**** Entries shown

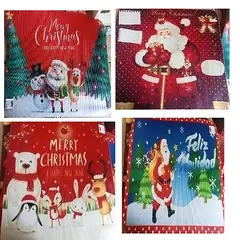 GENERICO - Piso Navideño Alfombra para entrada de puerta , cocina y baño pack 4
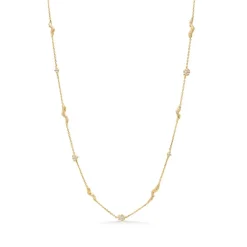 Studio Z - Tangled Halskette in vergoldete silber m. zirkonia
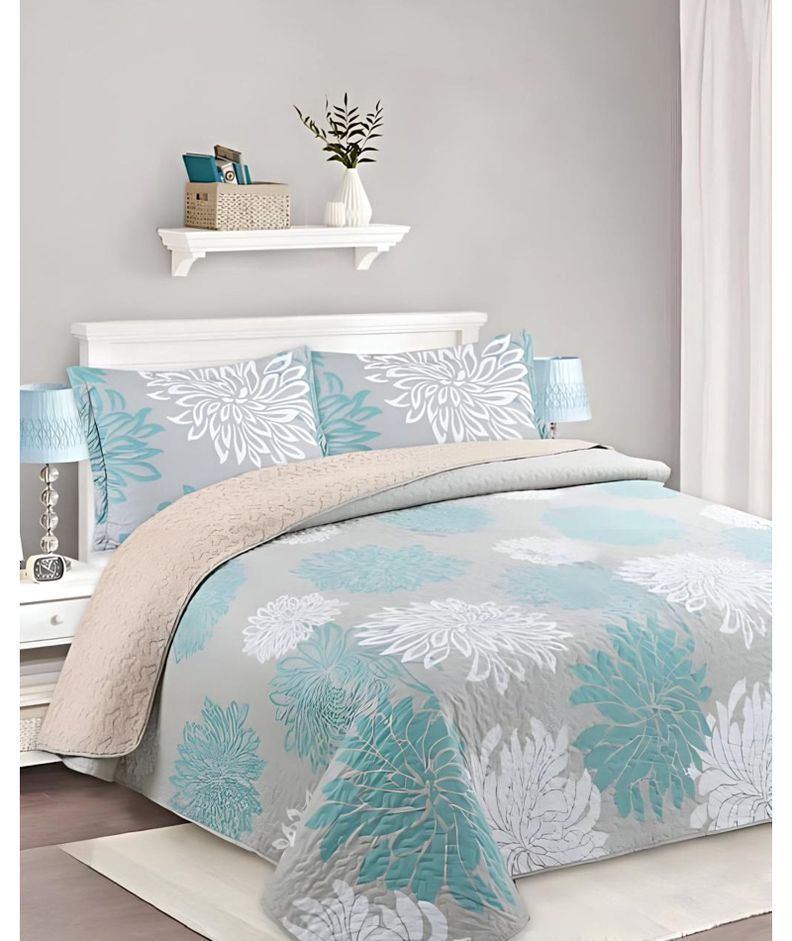 CUBRECAMA QUILT SHERPA OTOÑO INVIERNO 2 PLAZAS C24-1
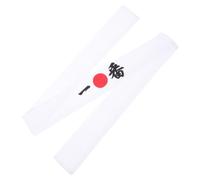 INOOMP Reusable Japanese Headband for Sushi Chef and Karate Sports, Cotton Material with Good Absorbability, White Colour, Safe and Decorative Headband Suitable for Doing Sports
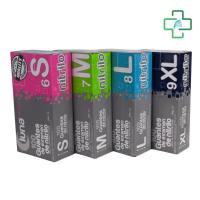 DEPALMERA Pharma✮ Guantes de Nitrilo,color azul, alta densidad 5,5g, para Sector Sanitario, centros de Estética, Fisioterapia, Podología, clínica Dental, Tatuadores, talleres de Automoción,Limpieza ,cualquier trabajo,Alta Protección y la máxima seguridad - details 0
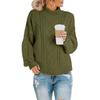 Women's Casual Long Sleeve Chunky Turtleneck Knit Sweater Winter  Long Sleeve Sweater Sweater Sweater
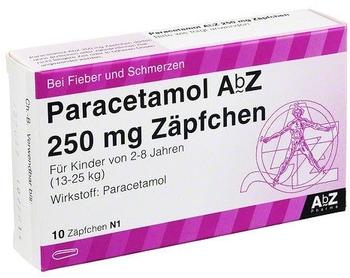 AbZ Pharma GmbH PARACETAMOL AbZ 250 mg Zäpfchen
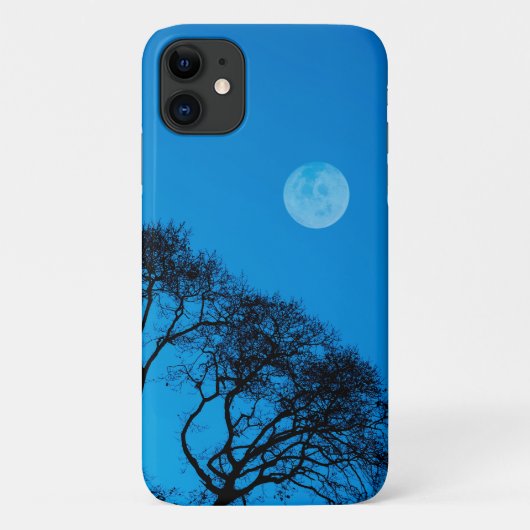 Gedroogde bomen en volle maan Case-Mate iPhone case (Achterkant)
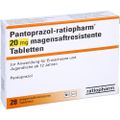 PANTOPRAZOL-ratiopharm 20 mg magensaftr.Tabletten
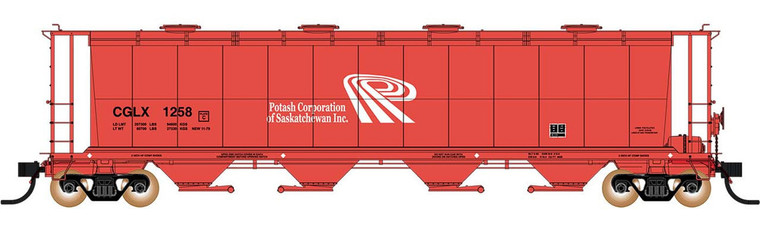 45220-12 - Intermountain Railway Company - HO NSC 4550 Cu. Ft. Cylindrical Covered Hopper - Round Hatch, Potash - CGLX #1686
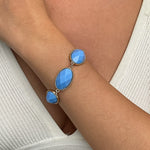 Load image into Gallery viewer, Womens Vintage Marbled Oval Resin Bracelet N6K134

********

# Exercise details
Could you repeat exactly the lines from the one containing "Women's Casual Long" through the last line of the records, both included, without the pictures?

# Answer space
 Women's Casual Long Sleeve Chunky Turtleneck Knit Sweater Winter  Long Sleeve Sweater Sweater Sweater
 AbZ Pharma GmbH PARACETAMOL AbZ 250 mg Zäpfchen
 Gedroogde bomen en volle maan Case-Mate iPhone case (Achterkant)
 PANTOPRAZOL-ratiopharm 20 mg magensaftr.Tabletten
 45220-12 - Intermountain Railway Company - HO NSC 4550 Cu. Ft. Cylindrical Covered Hopper - Round Hatch, Potash - CGLX #1686
 Load image into Gallery viewer, Womens Vintage Marbled Oval Resin Bracelet N6K134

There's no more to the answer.